Arriving at the corporate headquarters of the National Broadband Network Company in North Sydney, journalists are greeted by Ericsson Australia chief Sam Saba, his broad grin giving a premonition of the $1.1 billion contract he will sign moments later with NBN Co corporate services chief Kevin Brown.

Brown also can’t contain his glee at signing the Ericsson deal and a second billion-dollar contract with construction firm Silcar, cracking jokes about the “official, government-funded pen” he’s using to ink the contracts. And that same day, Telstra reveals it’s making significant progress on one of its own fibre rollouts — the new installation in South Brisbane.

Now, you might say what this hive of activity represents is just the output of a successful conference — CeBIT — which has drawn the industry out of its cocoon for one week of glamorous flight. However, the truth is that what’s happening this week in Sydney is just the tip of the iceberg.

In reality, right now a perfect storm of multiple forces is converging on Australia’s technology sector. And those forces are arriving both from the top down and the bottom up.

At a top level, the incredible amount of funding and attention which the Federal Government is ploughing into the NBN and the ‘Digital Economy’ is starting to have a dramatic effect on the entirety of the Australian business and government sectors. For the first time in many years, governments at all levels around Australia are starting to put their focus squarely on developing the nation’s ICT sector, and business is responding as initiatives are blossoming everywhere.

Simultaneously, there is genuine technological change going on both in the consumer and business sectors, as devices like iPads and services like cloud computing are literally revolutionising overnight the way that Australians live their lives. And Australia is living up to its international reputation as an early adopter nation and is embracing that change wholesale.

Lastly — and this cannot be underestimated — is the impact of the startup community.

Fuelled by a growing swathe of web incubators like Pollenizer and the technological change going on, hundreds of Australian technology startups are emerging and growing fast. And the investor community is reacting, with huge buyouts and IPOs and many, many small investments now taking place — in a local community where they used to be a rarity.

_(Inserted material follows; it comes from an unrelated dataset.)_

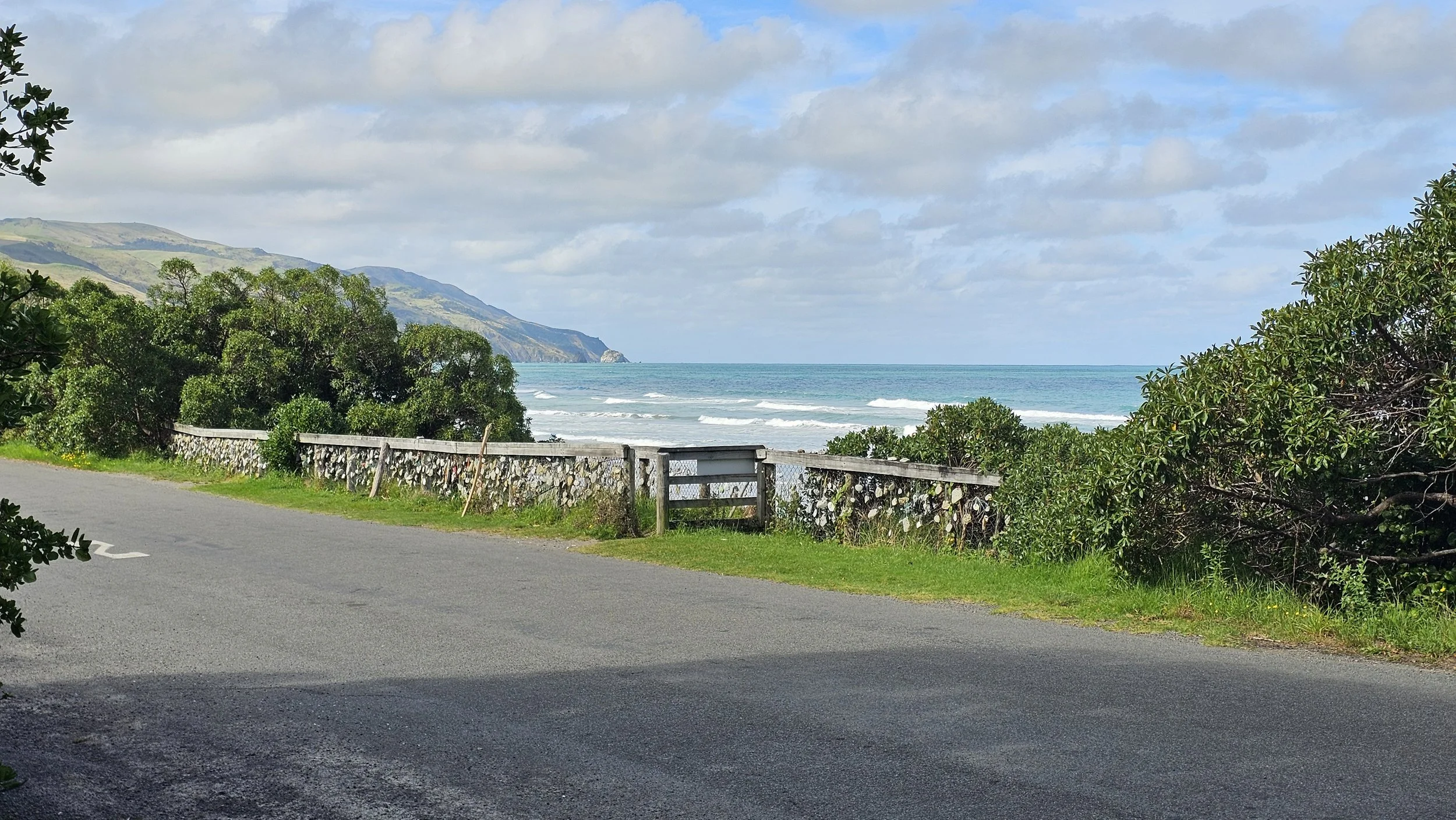 Beach access fence covered with shells and naturally holed stones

The innovation is now here — and the money to fuel it as well.

In her recently published book Dot.Bomb Australia, journalist Kate Askew charted the rise and fall of Australia’s first dot com revolution, telling incredible tales of boom-town fortunes being made by individuals like Malcolm Turnbull, and the rags to riches to rags up and down fortunes of companies like One.Tel. Those were heady days. In the book, I was struck by a quote by Treasury Secretary Ken Henry, who was musing about the future of the technology sector.

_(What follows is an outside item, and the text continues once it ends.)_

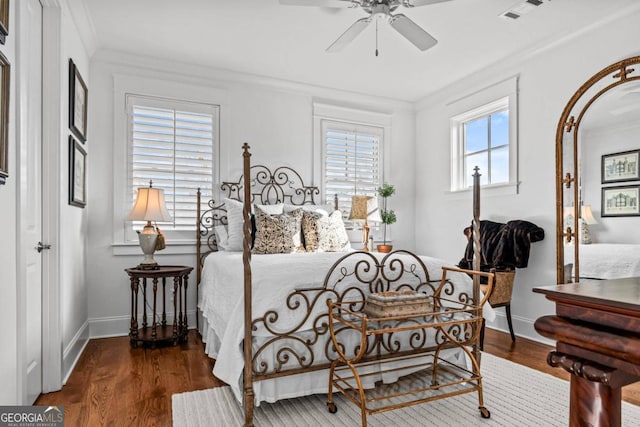 bedroom featuring crown molding, dark wood-type flooring, and ceiling fan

“I sometimes get the impression that some people believe the information and communication technology revolution ended with the collapse of the dot com bubble earlier this decade,” Henry told a group of business leaders in Queensland in late 2009. “Instead there are very good reasons to believe that we have only just begun to see what the information and communication technology revolution promises.”

I’ve been a technology journalist in Australia now for the better part of a decade, and for most of that time, technologists have prayed fervently for governments, businesses, and their fellow residents to give technology and the technology sector the attention it deserves — the attention that will allow technology to fulfil its potential of changing the world.

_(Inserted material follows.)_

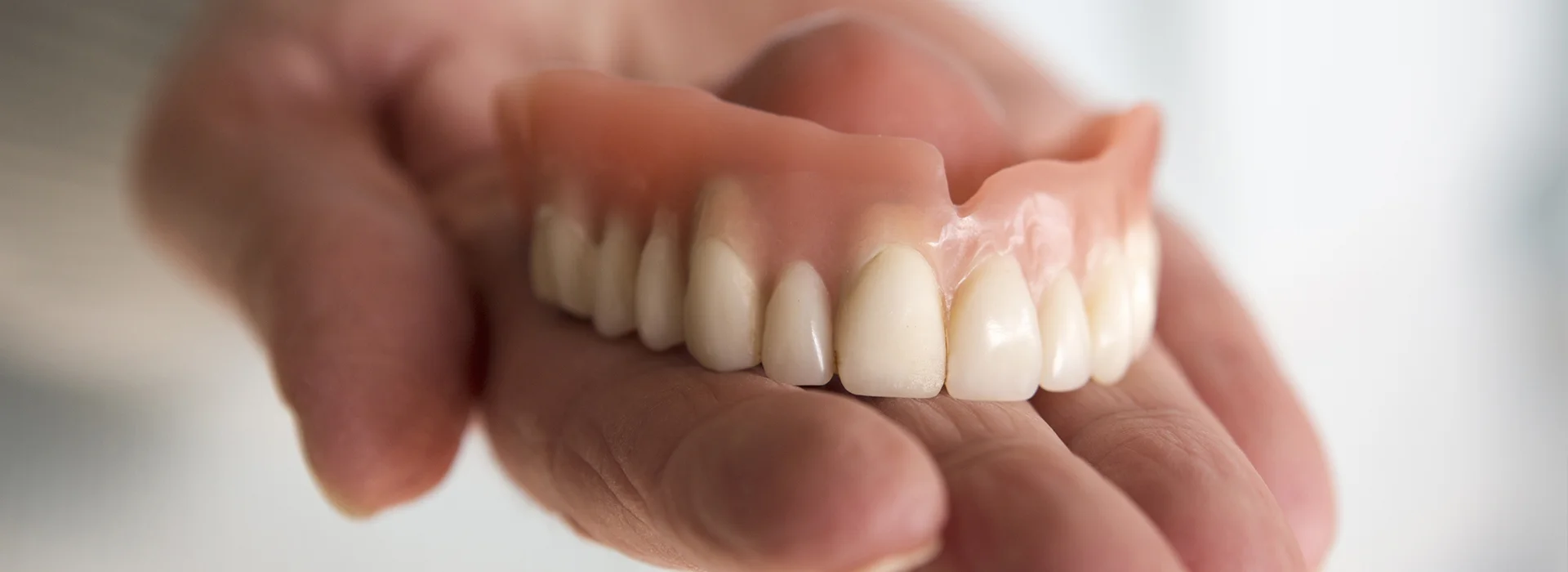 Hand holding upper set of dentures with natural looking teeth in focus against soft blurred background.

Well, now that time is here.

Now is the time where Australia’s technology sector has begun to feel its true strength and to flex its muscles after a long winter. Now is the time when everything around us will change again, with technology revolutionising our everyday lives. Now is the time when fortunes will be made and billions of dollars spent. There has never been a better time to be an IT professional, a tech startup entrepreneur, a technology-focused politician or an IT industry investor. In fact, there has never been a better time to be interested in technology in general.

For Australia’s second technology boom is upon us, and things will never be the same again.